**To do**
Lines in the data below that contain the word "green" are to be copied.

**Data shown**
════

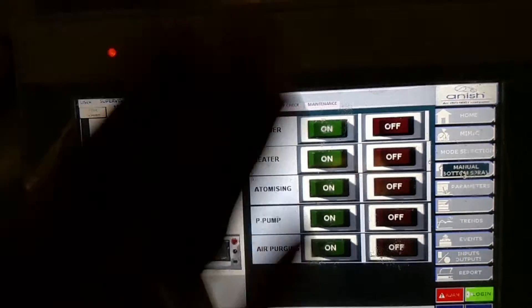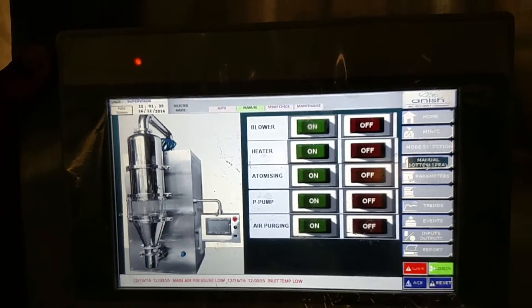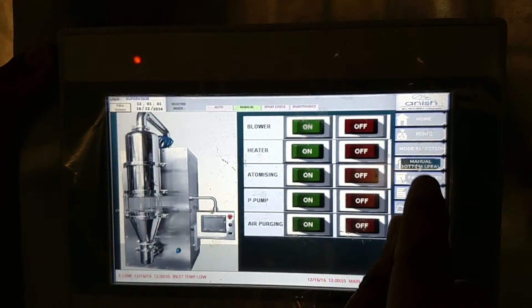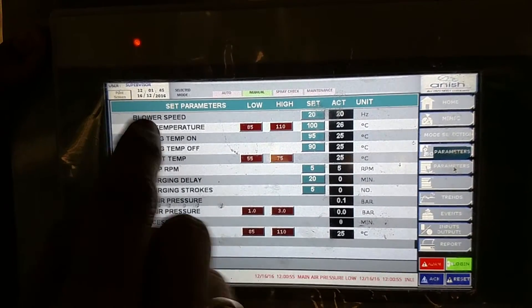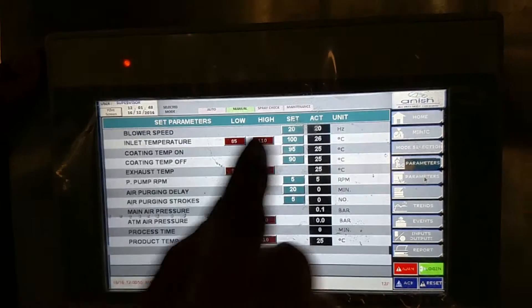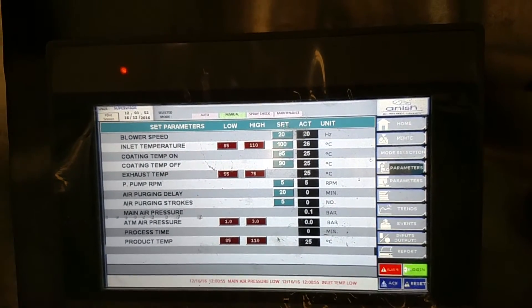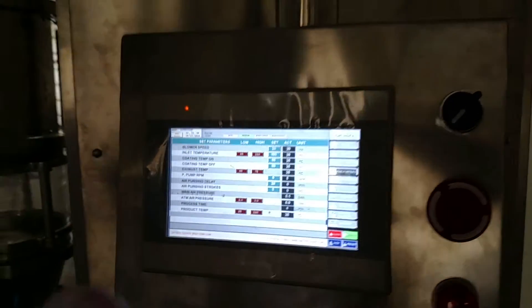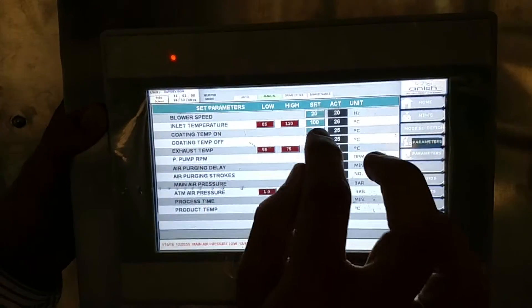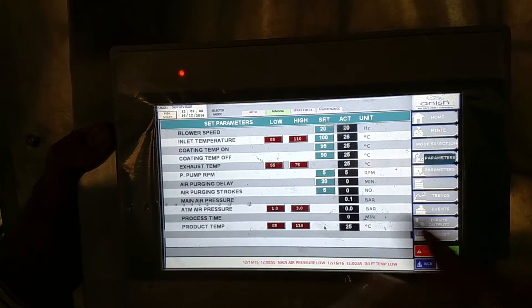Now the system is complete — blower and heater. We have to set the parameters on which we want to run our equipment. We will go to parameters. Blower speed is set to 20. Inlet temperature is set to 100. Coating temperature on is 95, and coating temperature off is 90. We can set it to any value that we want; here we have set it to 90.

════

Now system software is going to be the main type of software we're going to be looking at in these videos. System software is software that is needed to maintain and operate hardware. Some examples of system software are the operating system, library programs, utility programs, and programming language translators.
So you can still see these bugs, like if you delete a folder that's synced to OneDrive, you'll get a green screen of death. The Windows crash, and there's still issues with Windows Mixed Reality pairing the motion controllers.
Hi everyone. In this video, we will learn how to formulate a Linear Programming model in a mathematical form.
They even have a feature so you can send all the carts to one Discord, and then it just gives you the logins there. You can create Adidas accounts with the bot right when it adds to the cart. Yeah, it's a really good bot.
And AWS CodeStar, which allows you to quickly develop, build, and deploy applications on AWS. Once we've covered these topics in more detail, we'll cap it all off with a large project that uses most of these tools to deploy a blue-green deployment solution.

════

**Written response**
So you can still see these bugs, like if you delete a folder that's synced to OneDrive, you'll get a green screen of death. The Windows crash, and there's still issues with Windows Mixed Reality pairing the motion controllers.
And AWS CodeStar, which allows you to quickly develop, build, and deploy applications on AWS. Once we've covered these topics in more detail, we'll cap it all off with a large project that uses most of these tools to deploy a blue-green deployment solution.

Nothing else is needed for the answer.